**SUPPLIED RECORDS**:
——————

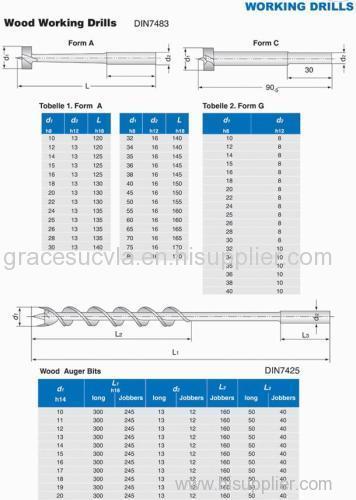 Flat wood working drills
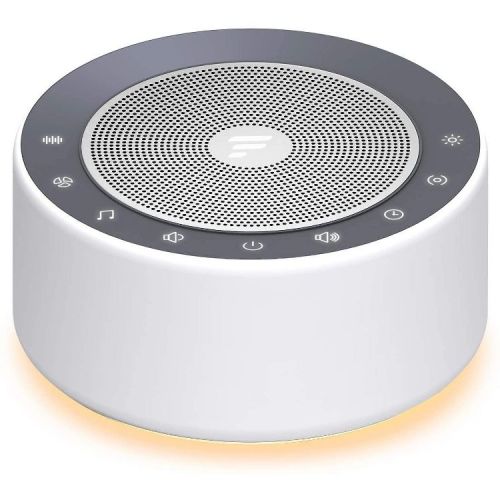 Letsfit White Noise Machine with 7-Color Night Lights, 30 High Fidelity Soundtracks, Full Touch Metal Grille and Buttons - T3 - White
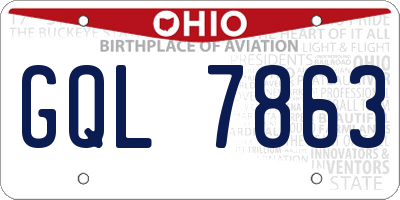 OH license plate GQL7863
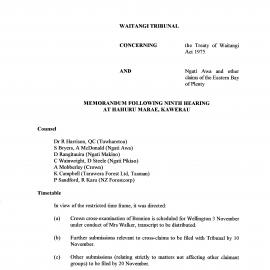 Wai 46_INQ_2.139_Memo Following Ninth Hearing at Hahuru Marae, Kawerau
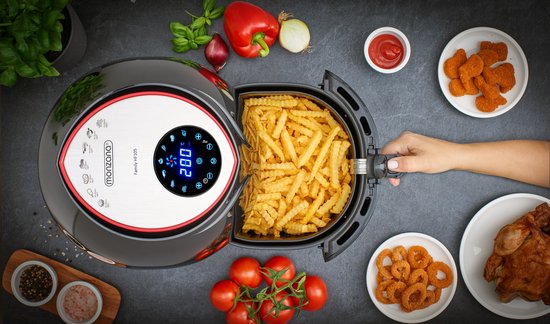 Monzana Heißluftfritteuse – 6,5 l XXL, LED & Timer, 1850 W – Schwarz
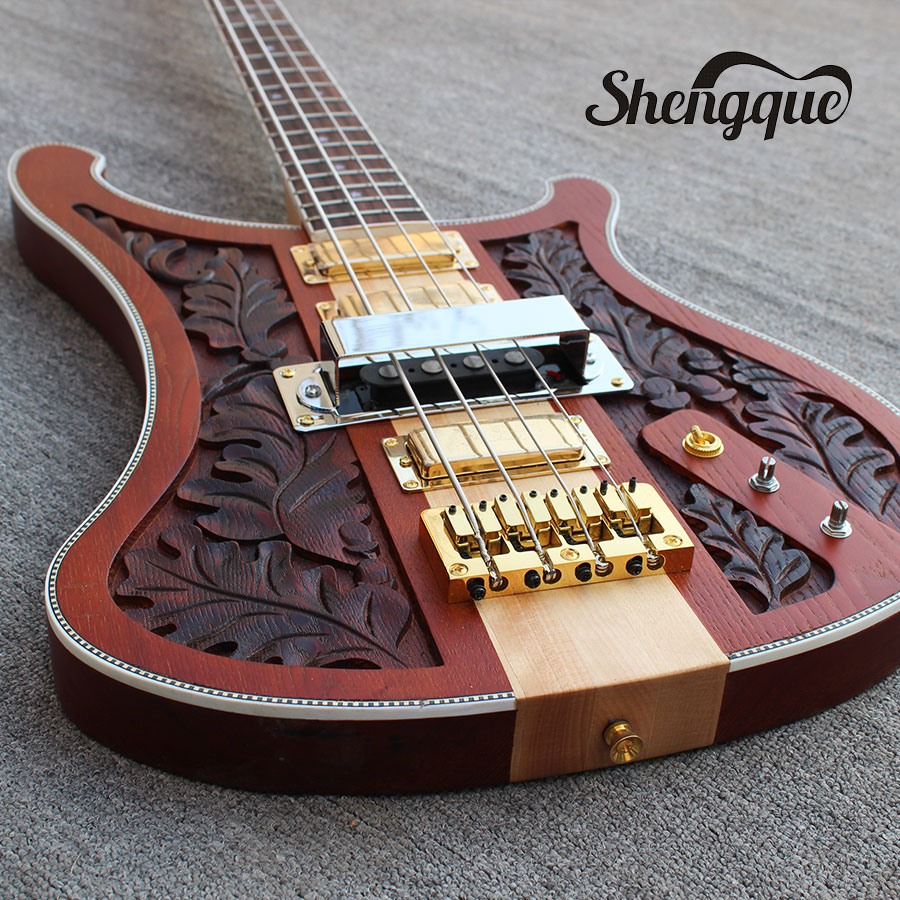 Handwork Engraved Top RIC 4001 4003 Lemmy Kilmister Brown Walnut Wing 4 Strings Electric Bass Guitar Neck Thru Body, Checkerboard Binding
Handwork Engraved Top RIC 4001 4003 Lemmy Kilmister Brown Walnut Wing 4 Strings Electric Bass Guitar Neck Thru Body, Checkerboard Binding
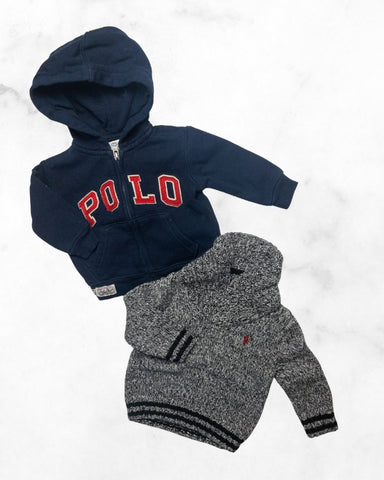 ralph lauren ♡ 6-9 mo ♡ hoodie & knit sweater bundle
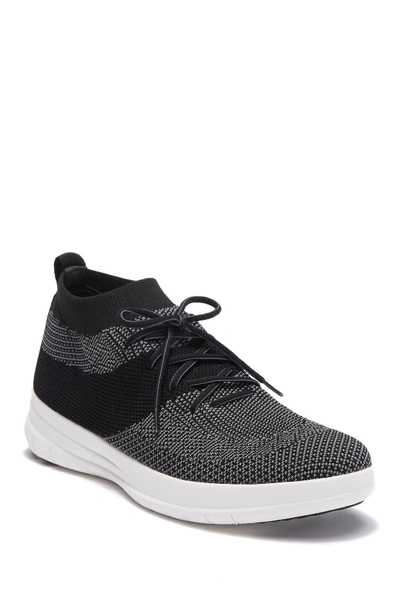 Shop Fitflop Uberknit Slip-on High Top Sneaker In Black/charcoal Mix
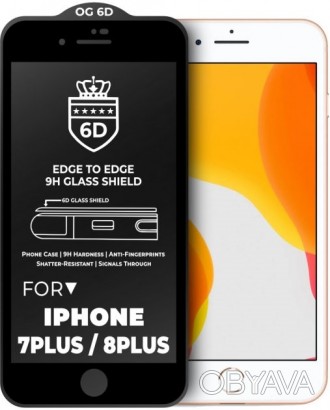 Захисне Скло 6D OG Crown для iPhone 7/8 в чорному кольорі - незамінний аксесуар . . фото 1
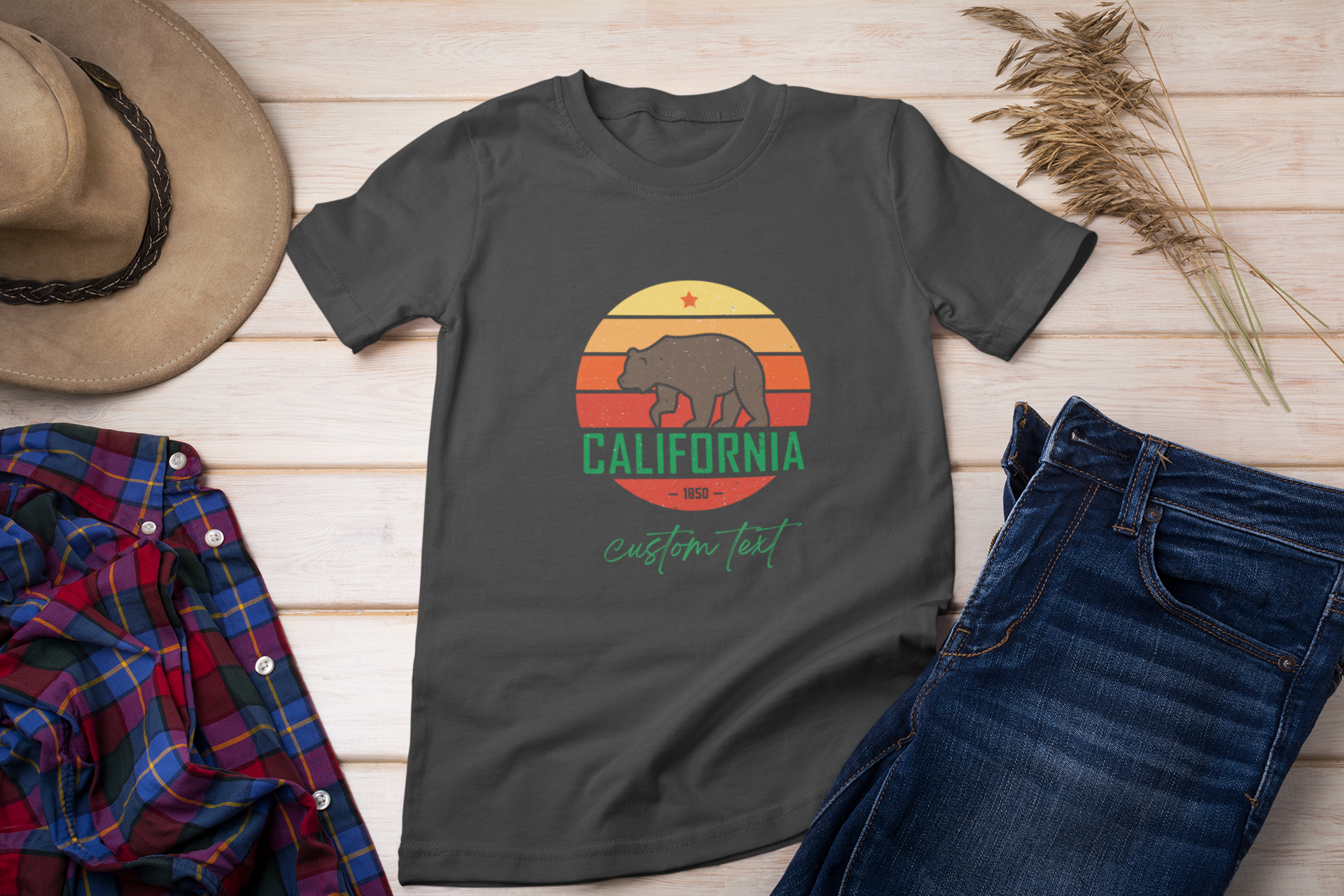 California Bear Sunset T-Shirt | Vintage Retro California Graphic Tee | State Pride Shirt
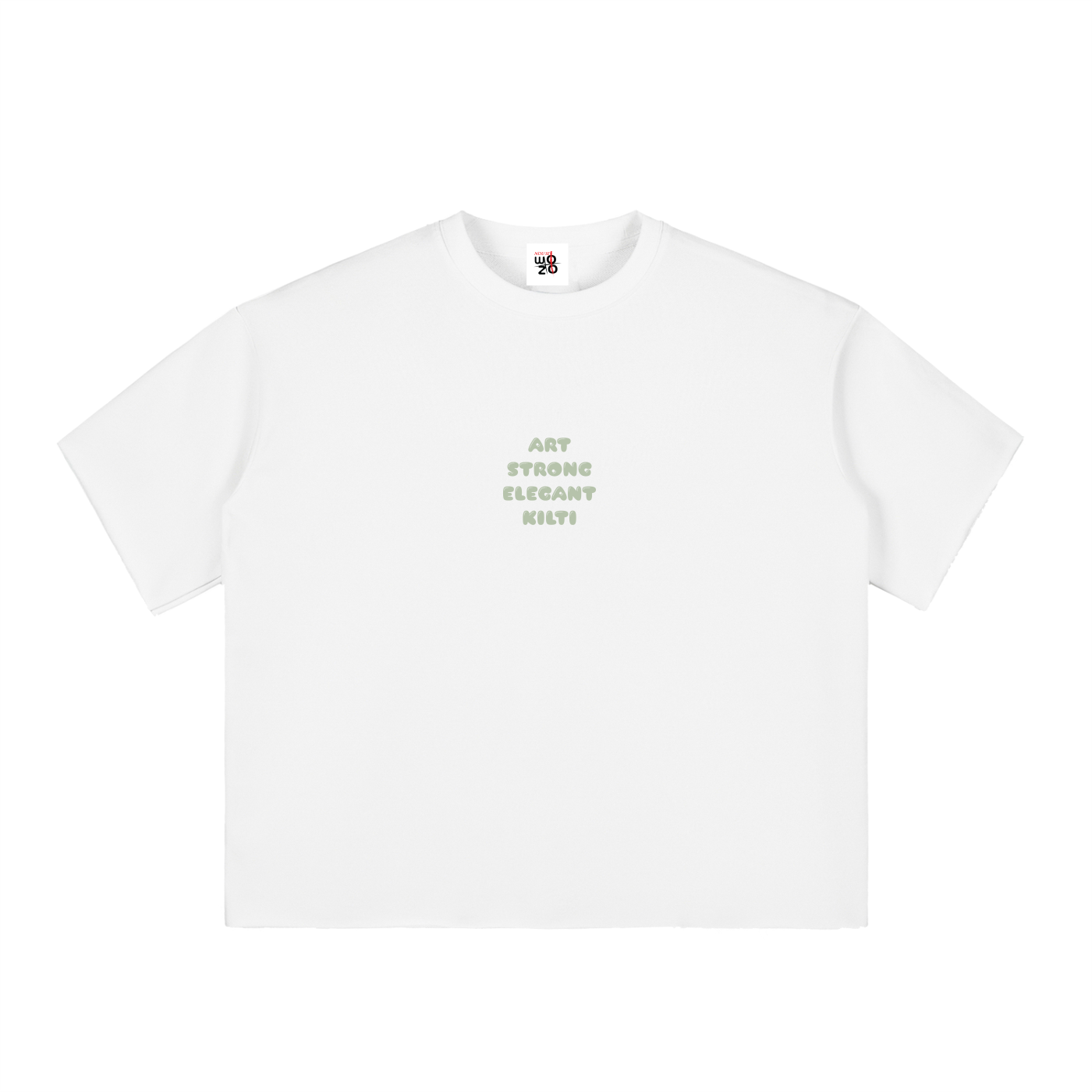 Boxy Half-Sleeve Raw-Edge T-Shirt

——————

**INSTRUCTIONS FOR THE TASK**: Could you set down nothing but the lines from the one containing "Shop Fitflop Uberknit" through the last line of the records above, both ends included, exactly as given and free of pictures?

**RESULT OF THIS EXERCISE**:
 Shop Fitflop Uberknit Slip-on High Top Sneaker In Black/charcoal Mix
 Захисне Скло 6D OG Crown для iPhone 7/8 в чорному кольорі - незамінний аксесуар . . фото 1
 California Bear Sunset T-Shirt | Vintage Retro California Graphic Tee | State Pride Shirt
 Boxy Half-Sleeve Raw-Edge T-Shirt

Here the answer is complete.